Data provided:

[Start of section]

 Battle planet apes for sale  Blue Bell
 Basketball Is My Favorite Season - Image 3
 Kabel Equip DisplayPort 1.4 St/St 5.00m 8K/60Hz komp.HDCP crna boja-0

[End of section]

What you have to do: The whole listing must be reproduced exactly. Do not skip a line.

Task result:
 Battle planet apes for sale  Blue Bell
 Basketball Is My Favorite Season - Image 3
 Kabel Equip DisplayPort 1.4 St/St 5.00m 8K/60Hz komp.HDCP crna boja-0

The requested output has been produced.